My colleagues Eric Muller and Sally Greene put together a wonderful symposium on North Carolina Supreme Court Justice Thomas Ruffin back in November 2007, "The Perils of Public Homage: Thomas Ruffin and State v. Mann in History and Memory." They also spoke, along with Sandy Levinson, the symposium's keynote speaker, on the npr "The State of Things," about Ruffin. The short version is that they wanted to reassess what to make of Ruffin and his opinion in State v. Mann, which became a focal point for anti-slavery writers who criticized slave law. Ruffin freed a man from criminal liability who had abused a slave in his custody. (The story's very long and is told in detail by Sally, who's done fabulous archival work on the context of the case, particularly before it went on appeal; Eric's recovered a huge amount about Ruffin, too, from his personal papers. And some other people talk about what to make of Ruffin.) Sally blogged some about it back then. The papers from that symposium are about to appear in the North Carolina Law Review. Some of them are up on ssrn already.
State v. Mann overturned a jury's conviction of John Mann for assault upon a slave he had hired from a woman named Elizabeth Jones. Historians seeking to understand the case have faced a significant hurdle: the paucity of evidence of the facts surrounding the trial. The record is not silent, however, on John Mann, Elizabeth Jones, or her wounded slave Lydia. Available evidence enables us to reconstruct sufficient facts to support tentative conclusions.
Elizabeth Jones was a minor who had inherited Lydia upon the death of her parents. She was being raised in rural Chowan County in the household of her brother-in-law, Josiah Small. Small acted in Elizabeth's interest by keeping Lydia hired out. In 1828 Lydia was hired by John Mann, a widowed and bankrupt sea captain living in Edenton. Little about John Mann would have suggested to a Chowan County judge and jury that he ought to enjoy the powers of a master.

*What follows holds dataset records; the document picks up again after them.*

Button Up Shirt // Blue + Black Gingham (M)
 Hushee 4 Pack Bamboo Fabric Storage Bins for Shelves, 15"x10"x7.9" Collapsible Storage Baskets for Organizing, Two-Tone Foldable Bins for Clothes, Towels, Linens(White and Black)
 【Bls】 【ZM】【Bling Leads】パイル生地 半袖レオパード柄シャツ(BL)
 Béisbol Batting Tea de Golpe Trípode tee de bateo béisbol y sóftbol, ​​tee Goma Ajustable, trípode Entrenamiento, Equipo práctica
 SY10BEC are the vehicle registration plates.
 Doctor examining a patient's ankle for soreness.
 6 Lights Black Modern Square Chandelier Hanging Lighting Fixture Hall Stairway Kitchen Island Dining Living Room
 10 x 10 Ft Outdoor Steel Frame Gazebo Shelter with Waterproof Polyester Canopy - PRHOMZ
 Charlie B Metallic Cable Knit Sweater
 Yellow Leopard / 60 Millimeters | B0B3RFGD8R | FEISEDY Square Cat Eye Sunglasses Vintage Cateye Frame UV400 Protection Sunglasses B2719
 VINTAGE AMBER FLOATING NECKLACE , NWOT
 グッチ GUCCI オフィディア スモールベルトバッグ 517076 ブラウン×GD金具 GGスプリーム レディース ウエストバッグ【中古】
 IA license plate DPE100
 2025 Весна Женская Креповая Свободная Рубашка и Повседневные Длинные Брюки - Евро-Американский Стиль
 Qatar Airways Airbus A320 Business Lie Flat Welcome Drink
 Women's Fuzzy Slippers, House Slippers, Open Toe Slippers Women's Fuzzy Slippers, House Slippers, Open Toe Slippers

Close study of the evidence suggests that Ruffin's reversal would have been seen in Edenton as wrong on the facts. Further study of the law of masters, hirers, and slaves suggests that the reversal was at least questionable on the law. Read in this new light, State v. Mann can be seen to stand on its own as a succinct but powerful treatise in implicit defense of slavery in terms that Ruffin's fellow planters would have readily understood. In justifying the reversal of Mann's conviction, Ruffin successfully enlists the key Burkean themes of conservative southern thought of the day, fatalistic themes emphasizing the surpassing importance of the status quo over any hope of reform. The opinion can be read as part of a broader pattern reflected in the writings of an increasingly defensive slaveholding elite; thematically it foreshadows Thomas Dew's crucially important defense of slavery in his Review of the Debate in the Virginia Legislature of 1831 and 1832. And yet Ruffin's rhetoric outdid itself. In attempting to silence any criticism of the workings of the system from which its author so clearly benefited, ironically State v. Mann may have hastened slavery's undoing.
Eric Muller's paper, "Judging Thomas Ruffin and the Hindsight Defense," is also up on ssrn. Here is his abstract:
Judge Thomas Ruffin of the antebellum North Carolina Supreme Court enjoys the reputation as one of the great judges of the nineteenth century; some rank him among the greats of all American history. This reputation has been little tarnished by his authorship of State v. Mann, an opinion that has become one of the central texts of the American law of slavery due to its savage endorsement of the right of the temporary hirer of a slave to shoot her in the back without risking criminal sanction.
Scholars have hesitated to condemn Judge Ruffin for his Mann opinion. To some extent, this is because Ruffin professed great personal anguish in that opinion at the harshness of its outcome. In addition, the archival record seemed to contain few clues (beyond the Mann opinion itself) about Ruffin's attitudes toward slavery and his own slaves. Finally, and relatedly, scholars have wished to honor what the article calls the 'hindsight defense' of historical actors - the claim that present observers cannot fairly assess the behavior of figures from the past because they will inevitably ignore the culture and morals of that earlier time.
This article reviews a great deal of newly discovered archival evidence that places Judge Ruffin and his Mann opinion in a much more troublesome light. The evidence reveals Ruffin to have been a batterer of slaves, a speculating slave-trader at a time when that trade had become disreputable, and a serial breaker of slave families. These new disclosures not only force a reconsideration of Judge Ruffin and his Mann opinion, but also suggest that the 'hindsight defense' of historical actors is often excessively simplistic and reductionist.
Other selections in this volume of the North Carolina Law Review are essays by Laura Edwards, David Lowenthal, Mark Tushnet, John Orth, and Judge James Wynn of the North Carolina Court of Appeals. I'll be blogging some more about this when the issue appears.
Ruffin ruled against Quakers in two significant court cases involving slaves being treated as free. The two cases are Contentnea Vs Dickerson, 1827 and Redmond vs Coffin, 1831. Interesting.